# [Task directions]
Below is a listing. Write out exactly its lines between the one holding "1.5 Ct Emerald" and the one holding "Babero reversible de", inclusive.

# [Data excerpts]

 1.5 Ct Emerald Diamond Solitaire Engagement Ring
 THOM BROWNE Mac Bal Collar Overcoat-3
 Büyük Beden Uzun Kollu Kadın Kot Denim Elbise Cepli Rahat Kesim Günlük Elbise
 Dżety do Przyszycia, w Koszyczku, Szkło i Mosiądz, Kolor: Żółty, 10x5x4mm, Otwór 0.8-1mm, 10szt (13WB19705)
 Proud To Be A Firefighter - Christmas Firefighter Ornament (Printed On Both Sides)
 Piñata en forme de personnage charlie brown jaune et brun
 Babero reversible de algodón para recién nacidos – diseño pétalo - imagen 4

...

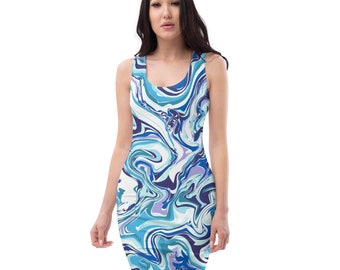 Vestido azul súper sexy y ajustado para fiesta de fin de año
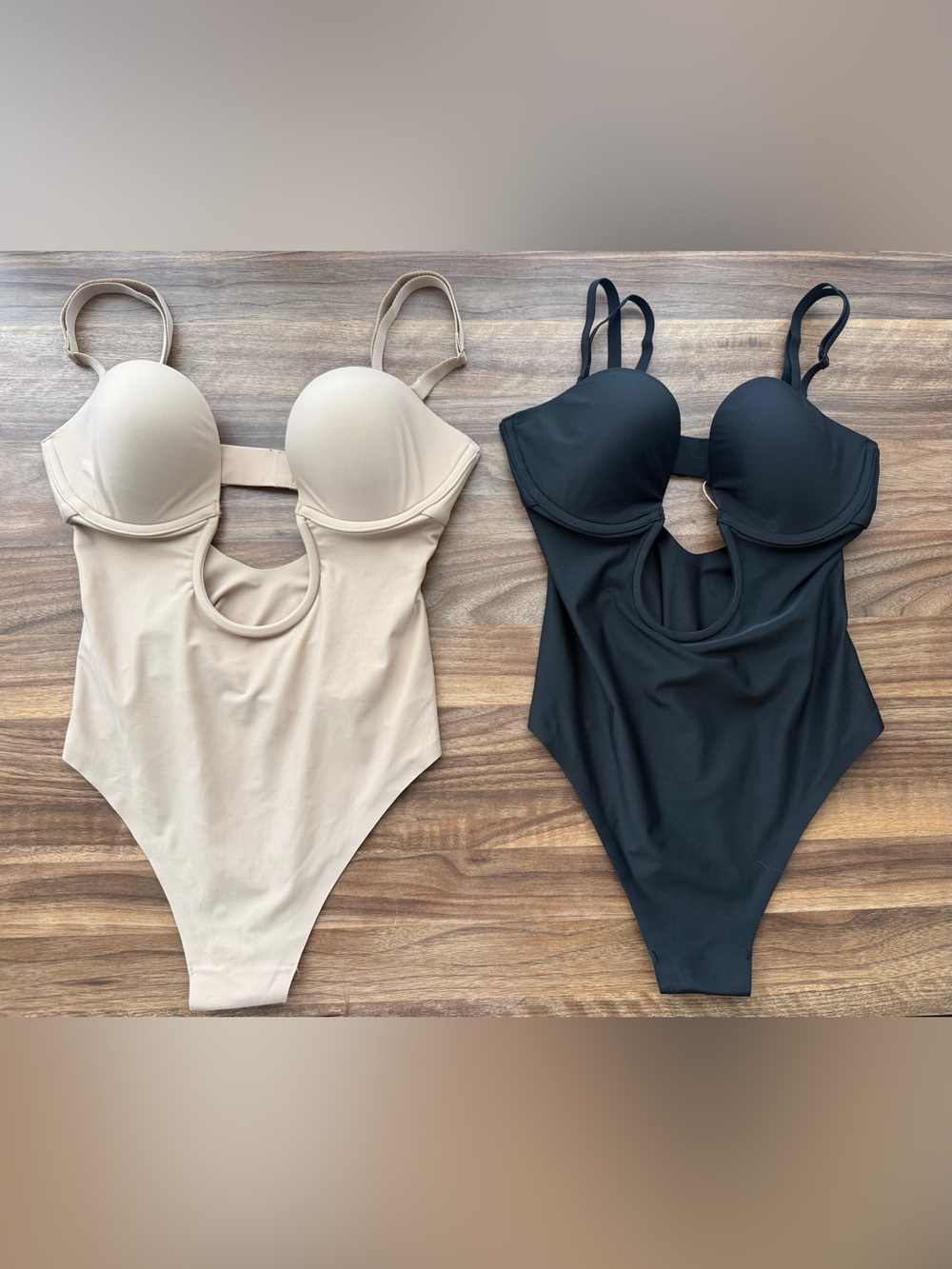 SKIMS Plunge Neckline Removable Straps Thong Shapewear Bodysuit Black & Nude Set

# [Output of the exercise]
 1.5 Ct Emerald Diamond Solitaire Engagement Ring
 THOM BROWNE Mac Bal Collar Overcoat-3
 Büyük Beden Uzun Kollu Kadın Kot Denim Elbise Cepli Rahat Kesim Günlük Elbise
 Dżety do Przyszycia, w Koszyczku, Szkło i Mosiądz, Kolor: Żółty, 10x5x4mm, Otwór 0.8-1mm, 10szt (13WB19705)
 Proud To Be A Firefighter - Christmas Firefighter Ornament (Printed On Both Sides)
 Piñata en forme de personnage charlie brown jaune et brun
 Babero reversible de algodón para recién nacidos – diseño pétalo - imagen 4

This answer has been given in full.